Your name is worth more than you think. Not to you, necessarily. But to a stranger sitting in Pyongyang, your name, your Social Security number, and your work history are worth a steady paycheck, a remote developer job, and a small contribution to a nuclear weapons program. Sleep well.
A Ukrainian man named Oleksandr Didenko just received five years in federal prison for running a website that sold stolen American identities to overseas workers — many of them North Korean — who used those identities to get hired at U.S. companies. Real jobs. Real salaries. Real access to corporate systems. All under names belonging to real Americans who had absolutely no idea any of it was happening.
The FTC receives well over 1 million identity theft reports each year, roughly one every 30 seconds.
Didenko’s site, called Upworksell, functioned like a marketplace. Need a convincing American identity to land a software engineering role? Browse the catalog. Over 870 stolen identities moved through that platform before the FBI shut it down in 2024. The North Koreans who bought or rented these identities then logged in remotely, did the work, collected the money, and sent the earnings back to a government that the entire world has financially isolated for very good reason.
The logistics were admirable, in a deeply unsettling way. Because the workers needed to appear physically present in the United States, Didenko paid ordinary Americans to host laptops in their homes across the country — from California to Tennessee to Virginia. Rooms filled with open laptops, each one a portal for a foreign worker pretending to be your neighbor. These are called laptop farms, a name that sounds like bad agricultural policy but describes something far more sinister and considerably more widespread.
This story stretches well beyond one man and one website. This was no isolated incident, but a single node in a vast and ongoing operation that’s a triple threat to corporate and government security teams. First, these workers violate American sanctions just by being employed. Second, while inside a company’s systems, they steal sensitive data. Third, they later use that stolen data to extort the very companies that unknowingly hired them. You get exploited three times, and you only find out after the fact, if you find out at all.

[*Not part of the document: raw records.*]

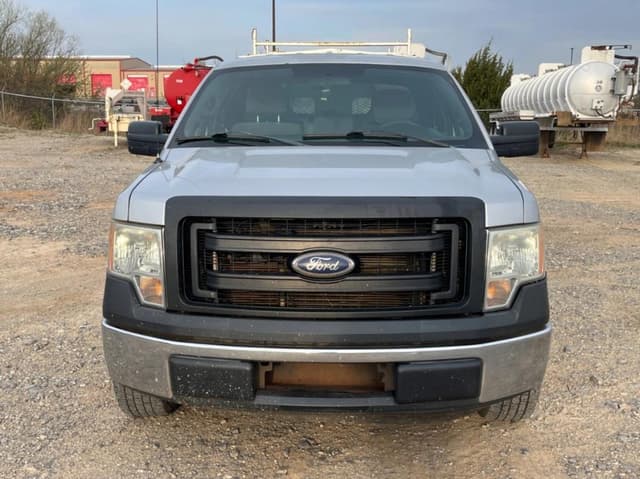 Image of Ford F-150 equipment image 2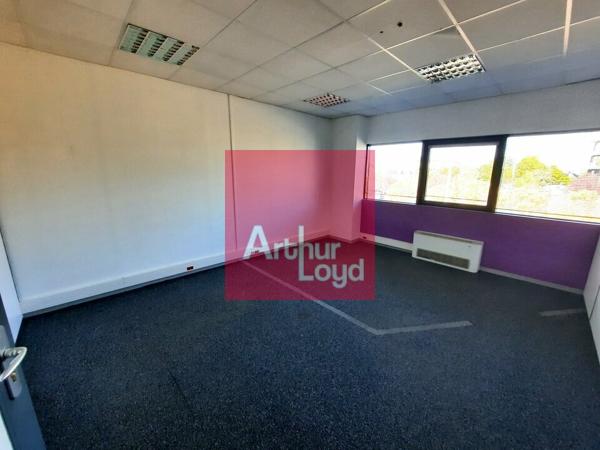CLERMONT FERRAND A LOUER BUREAUX 220M² + PARKING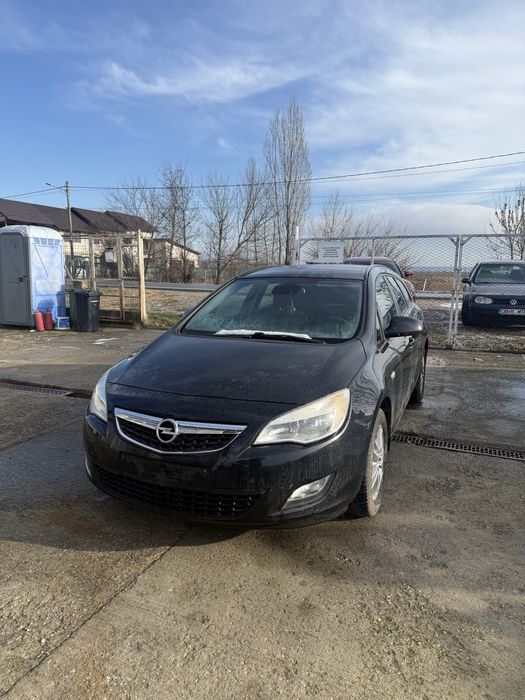 Dezmembrez piese astra j capota bara faruri usa oglinda haion motor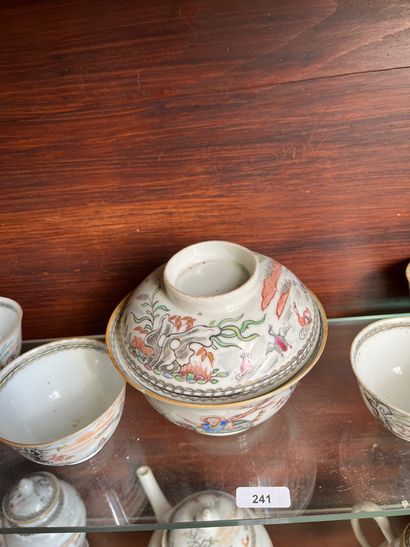 CHINE, XVIIIème, bel ensemble de pièces diverses...
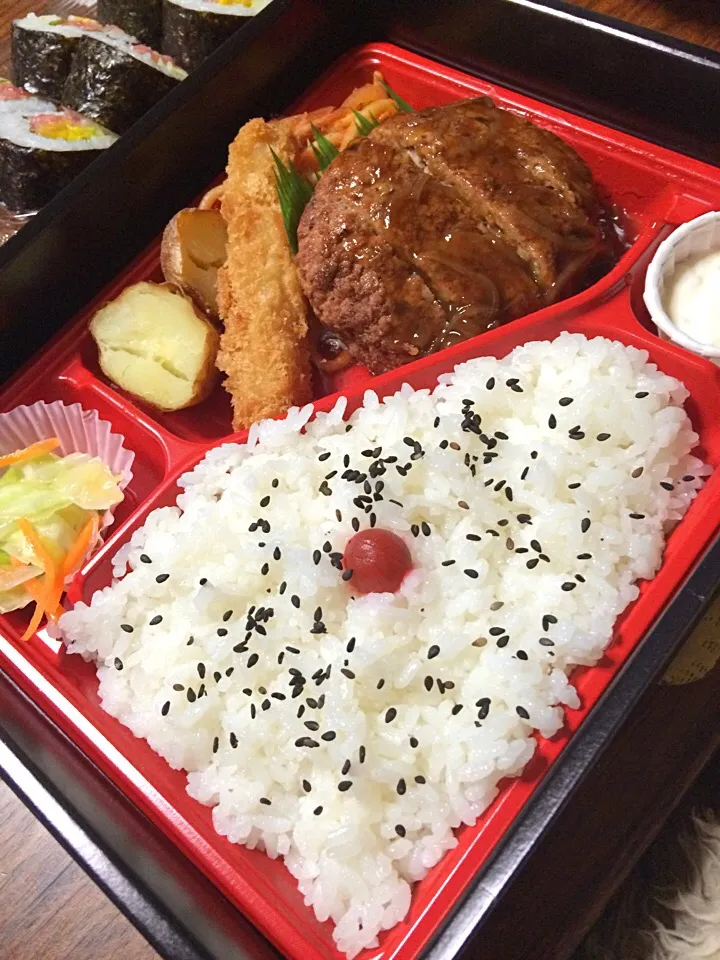 たいめいけんのハンバーグ弁当。|hiroさん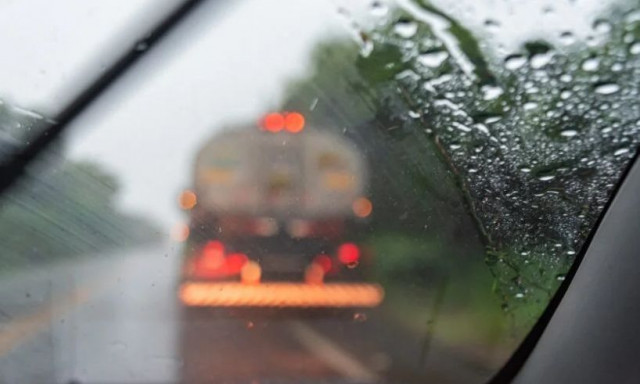 Θολά τζάμια το χειμώνα στο αυτοκίνητο: Πώς να τα ξεθαμπώνετε γρήγορα και με ασφάλεια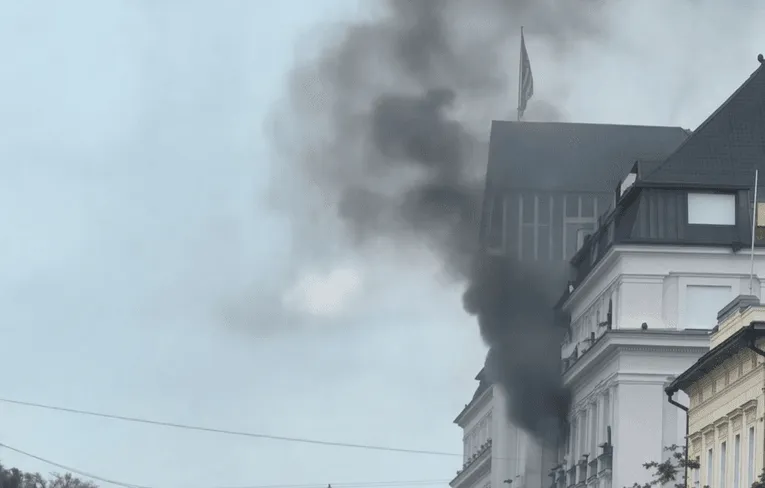 Ruski dron pogodio ured šefa tajne službe u Kijevu, Zelenski naredio odmazdu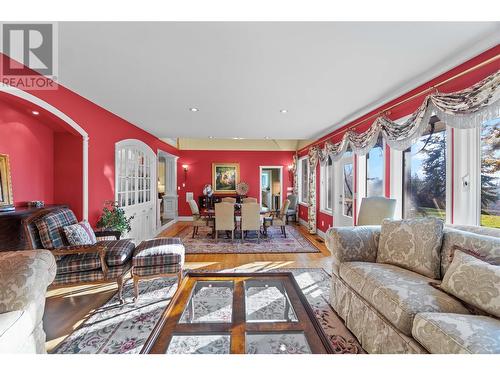2391 26 Avenue Ne, Salmon Arm, BC - Indoor Photo Showing Living Room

RELATED: Spam texts are surging. Here’s how to stop them on your phone.
Photo by Matt Cardy/Getty Images
Identity theft in America is not new. It is, in fact, frighteningly common. The Federal Trade Commission receives well over 1 million identity theft reports each year. That is roughly one report every 30 seconds, around the clock, every day of the year. The true number is almost certainly higher, because most victims never report it at all. More than one in five Americans have experienced identity theft at some point in their lives, and in 2025 alone, losses tied to identity fraud topped $12 billion. A significant chunk of that traced back to stolen Social Security numbers — the same numbers sitting in Didenko’s catalog, waiting for a buyer. Most victims spend months trying to unpick the damage done — disputing fraudulent accounts, correcting credit reports, convincing institutions that they are, in fact, themselves. It is exhausting and humiliating and entirely avoidable, except that it isn’t, because the information was taken without any action on their part.
What the North Korean scheme adds to this picture is scale, sophistication, and a foreign government pulling the strings. These aren’t opportunistic criminals skimming card numbers at a gas station. This is a workforce, clocking in, clocking out, and committing federal crimes on behalf of a sovereign nation. Last year, CrowdStrike, one of the world’s leading cybersecurity firms, reported a significant increase in North Korean infiltration of Western companies, particularly in technical and software roles. The regime has also been known to impersonate recruiters and investors to trick people into handing over computer access. The con adapts constantly.
What stays constant is the raw material. Your identity. Your name. Your history. Your professional credibility, built over years, gone in an afternoon. North Korea is not alone. Russia and China have been playing the same game — longer, in some cases, and with considerable expertise.
The uncomfortable truth is that the systems built to verify who people are — employment checks, identity verification platforms, hiring pipelines — were designed for a different threat. They are nowhere near equipped for this one. Companies hire remote developers every day without meeting them in person, without ever confirming that the face on a video call matches the name on the resume. That gap is glaring, well documented, and largely unaddressed. For operations like Didenko’s, it’s also the entire business model.
Didenko will serve his five years. But this is whack-a-mole on steroids. Somewhere, another version of this operation is already running. New identities, new platforms, new rooms full of humming laptops and methodical keystrokes. Your name is out there. Quite possibly already for sale. Someone, somewhere, is deciding whether it’s worth buying.